I’m heading out of town for a couple of days for a wedding this weekend, so I’m not sure how much I’ll be writing; I’ll be paying as much attention to the Pirates as I can over the weekend, of course, and I’ll be back on Sunday afternoon and will write up my recap of the Cardinal series then. Until then, lets hit a few important links and things that need to be talked about before this huge weekend series in St. Louis.
First off, Michael Weinreb wrote a piece in Grantland yesterday about the Pirates emerging from the depths of their 20-year funk and how a generation of Pirate fans that have never really experienced winning baseball have dealt with everything. It’s a pretty great read, and I swear I’m not just saying that because I’m in the article.

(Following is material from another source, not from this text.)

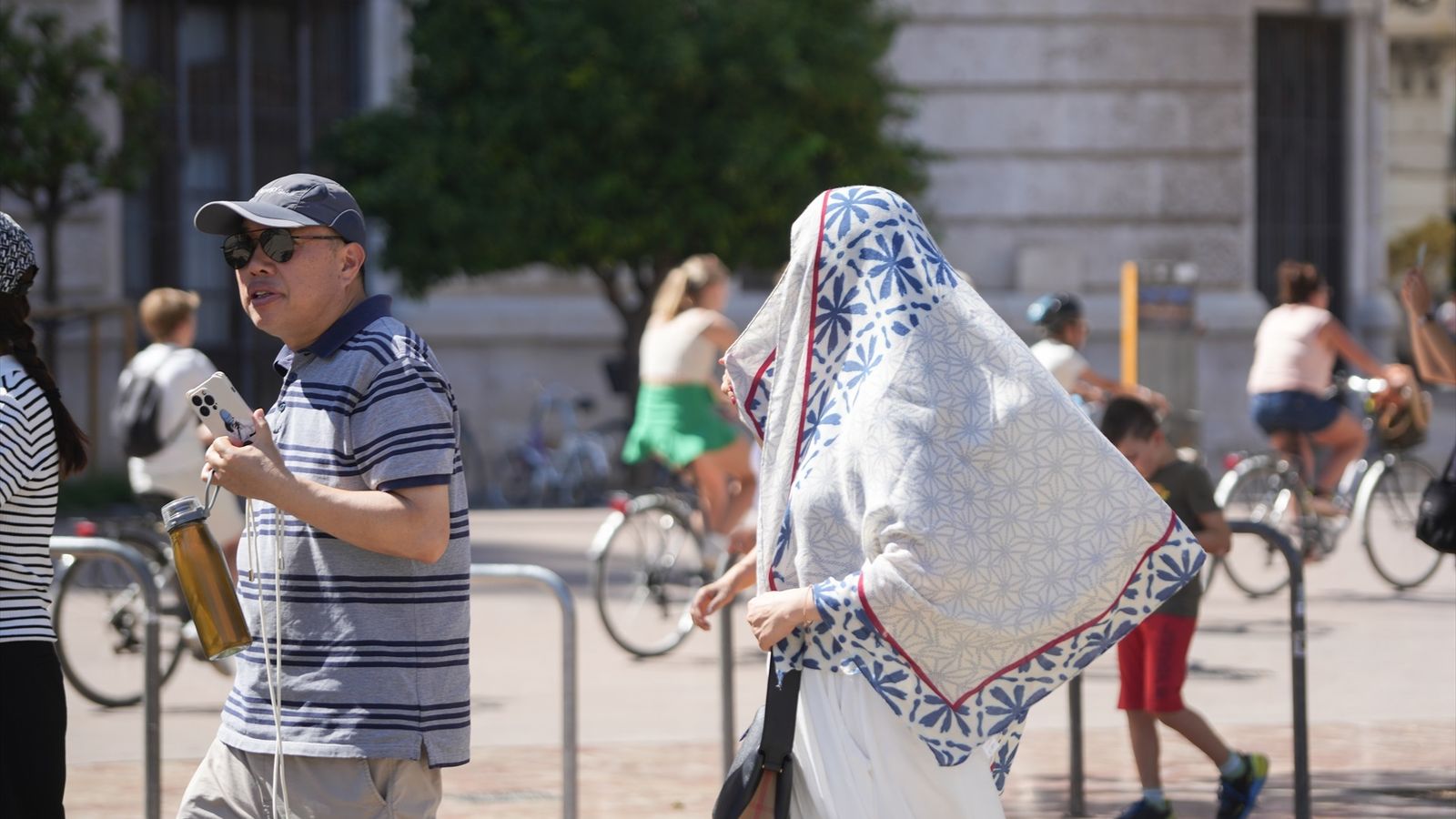 Dues persones caminen per València tapades per a protegir-se de la calor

Now let’s talk about the Cardinals. The Cards lost last night, which means that the Pirates enter this series back in the driver’s seat for the final wild card. The reality of this series is that one game is separating two teams with 44 games left on the schedule; if the Pirates sweep here they have a nice but by no means insurmountable four-game cushion, if the Cardinals sweep here they only have a two-game lead on the Pirates (of course we need to keep the Giants/Dodgers in mind, but for now let’s pretend like the Pirates and Cardinals are the only two teams in this race).
All of that being said, it’d be really nice to see the Pirates step up and play good baseball in a meaningful series. The Pirates have had plenty of meaningful baseball to play over the last two weeks here, and they haven’t really stepped up to the occasion. They weren’t bad against the Reds, but they certainly weren’t good enough to win two of three games. The same is mostly true of their series against Arizona. They were flat-out awful in most of the recently-concluded series against the Dodgers. The Pirates might be able to make the playoffs by kicking the crap out of the Astros and Cubs and Brewers and Mets in September and having that separate them from the rest of the wild card pack, but it’d be much, much easier for them to simply put some space between themselves and their competitors by beating them. It’d make me feel better about where this season is headed and how the Pirates stack up against the rest of the NL in general, too.
The big thing to watch this weekend is James McDonald, of course. He starts tonight and will try to snap out of his second-half funk. I’ve been pretty adamant that I don’t think fatigue is his problem, but then I’m still not sure what his problem is and so I’m just hoping it’s something that he and Ray Searage have isolated. Bedard and Karstens follow him, with Jake Westbrook, Lance Lynn, and Jaime Garcia going for the Cardinals. The Pirates’ schedule gets easier from here on out, but it’d be nice for them to start putting some wins on the board with this series.